• [Collected data]:
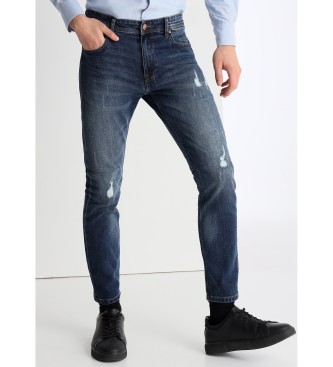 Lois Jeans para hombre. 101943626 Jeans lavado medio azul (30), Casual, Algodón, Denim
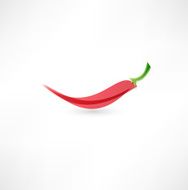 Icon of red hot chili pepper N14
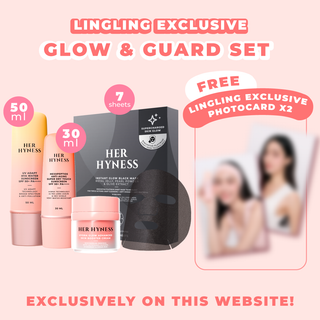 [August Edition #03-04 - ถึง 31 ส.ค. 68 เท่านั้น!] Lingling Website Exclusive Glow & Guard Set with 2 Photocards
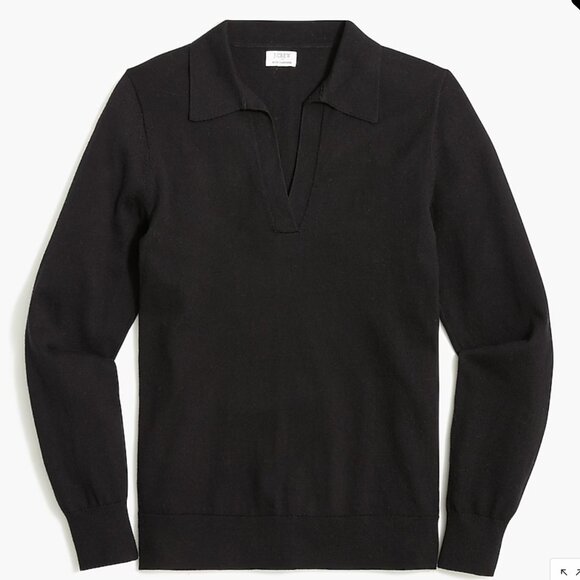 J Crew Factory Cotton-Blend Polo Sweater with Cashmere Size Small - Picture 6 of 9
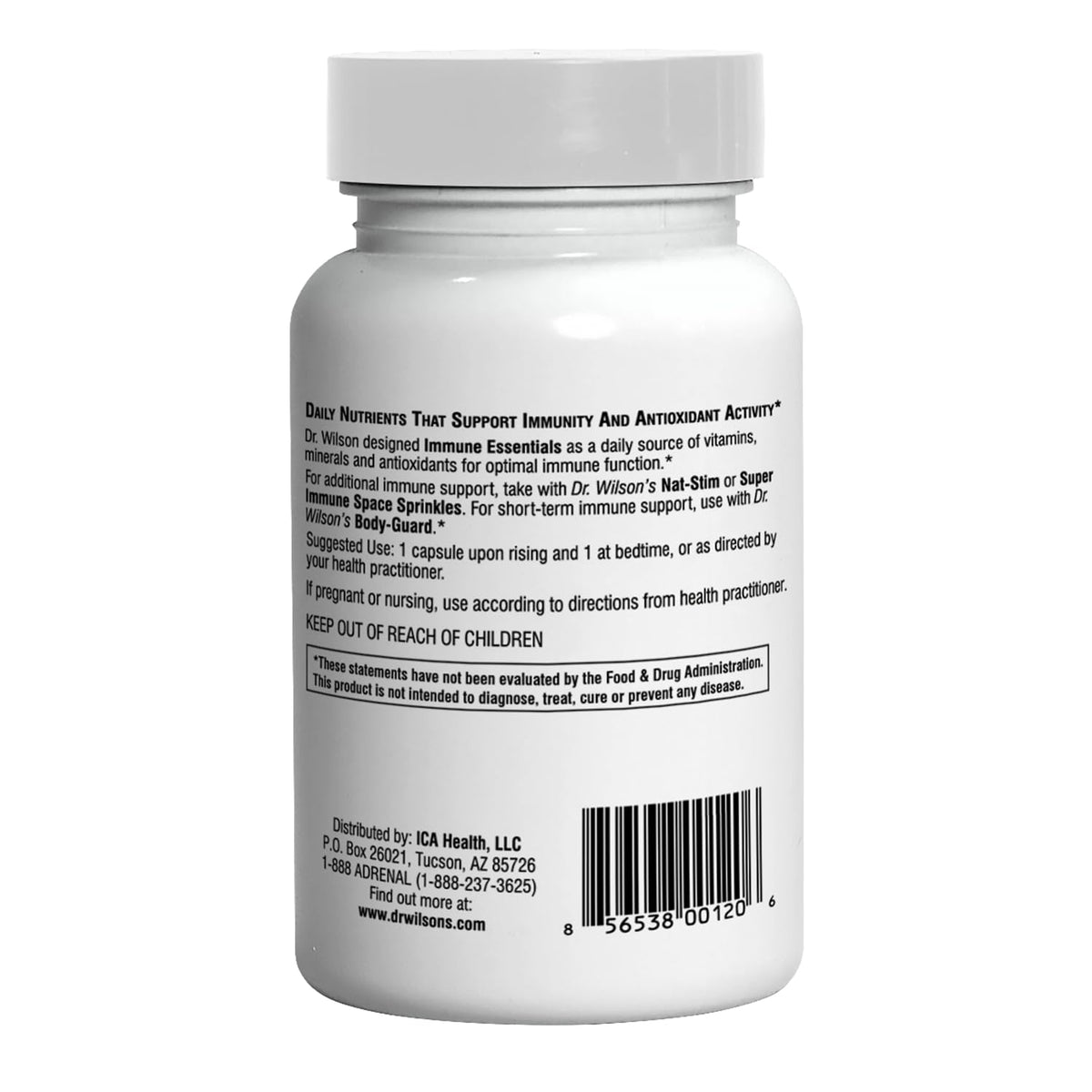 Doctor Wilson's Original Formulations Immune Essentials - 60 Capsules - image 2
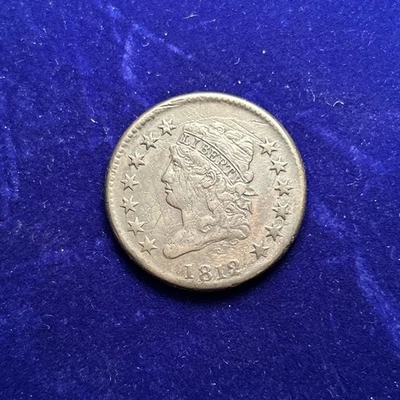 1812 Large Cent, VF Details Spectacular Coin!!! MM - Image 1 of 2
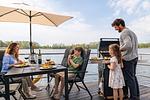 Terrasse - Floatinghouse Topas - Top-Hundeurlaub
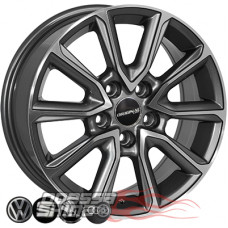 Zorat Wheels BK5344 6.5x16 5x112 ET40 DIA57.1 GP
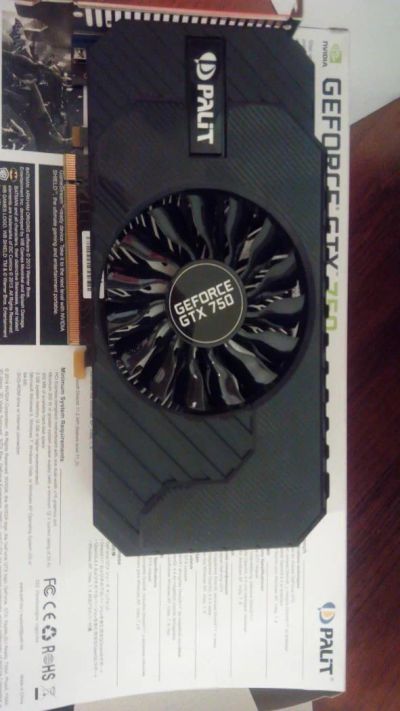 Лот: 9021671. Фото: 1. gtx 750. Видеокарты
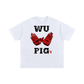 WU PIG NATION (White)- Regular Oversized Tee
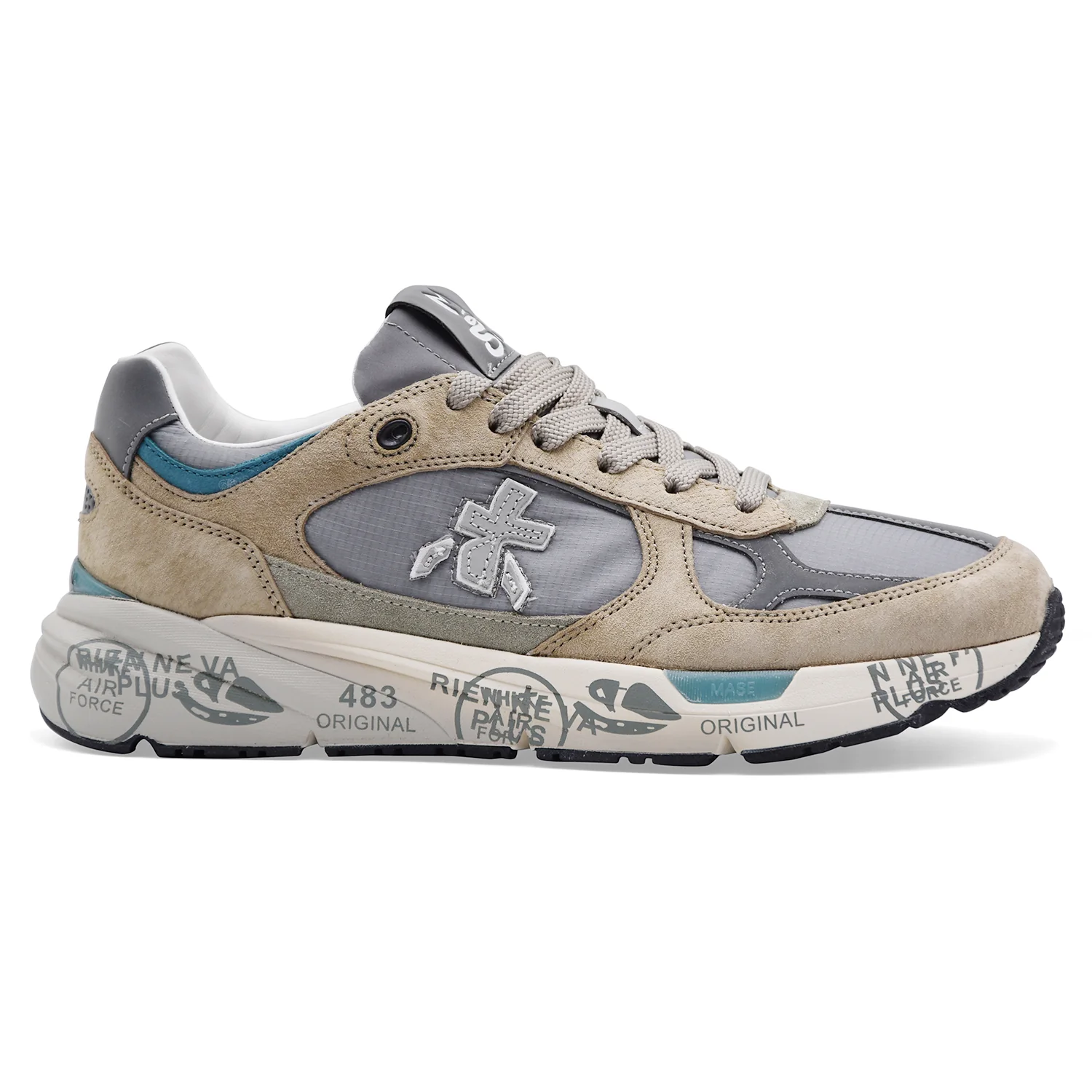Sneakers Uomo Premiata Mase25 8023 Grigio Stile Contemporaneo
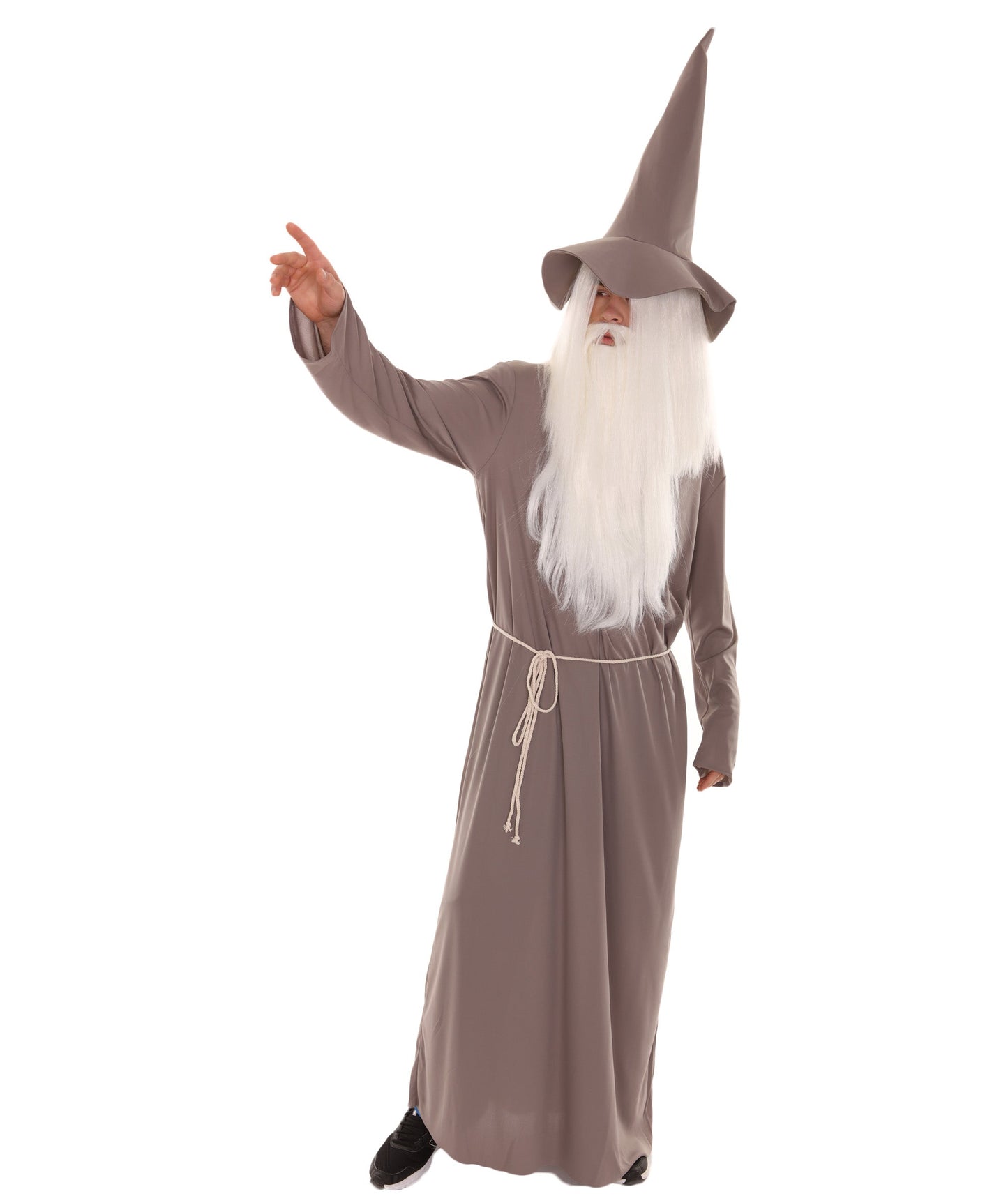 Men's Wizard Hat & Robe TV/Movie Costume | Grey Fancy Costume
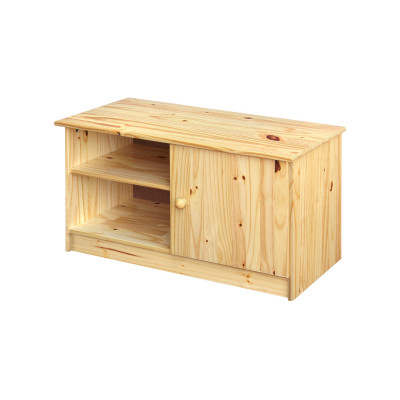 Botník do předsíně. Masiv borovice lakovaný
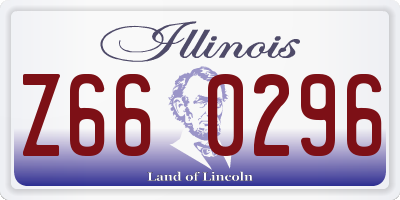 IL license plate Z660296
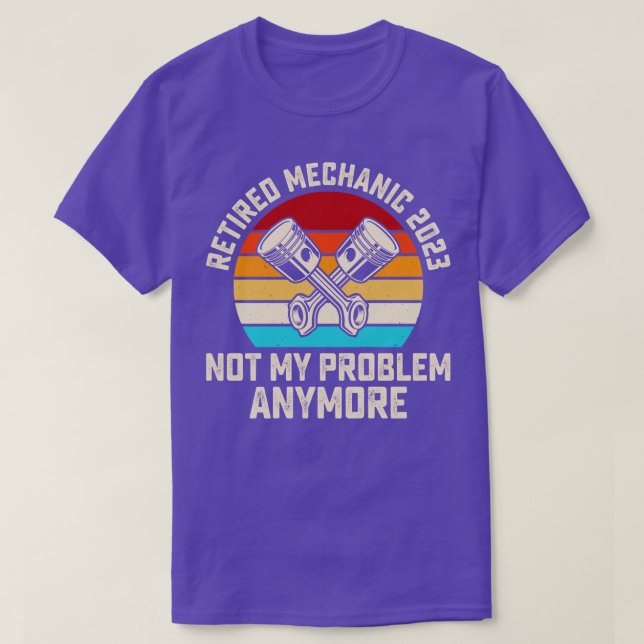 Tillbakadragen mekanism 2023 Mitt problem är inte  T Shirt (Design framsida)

• [Exercise description]: Leave the pictures out. Extract exactly the lines running from the one with "Лот: 9021671. Фото: 1. gtx 750. Видеокарты" through the last entry, both ends included.

• [Solution for this exercise]:
 Лот: 9021671. Фото: 1. gtx 750. Видеокарты
 WU PIG NATION (White)- Regular Oversized Tee
Sneakers Uomo Premiata Mase25 8023 Grigio Stile Contemporaneo
 Men's Wizard Hat & Robe TV/Movie Costume | Grey Fancy Costume
 Botník do předsíně. Masiv borovice lakovaný
 IL license plate Z660296
 Tillbakadragen mekanism 2023 Mitt problem är inte  T Shirt (Design framsida)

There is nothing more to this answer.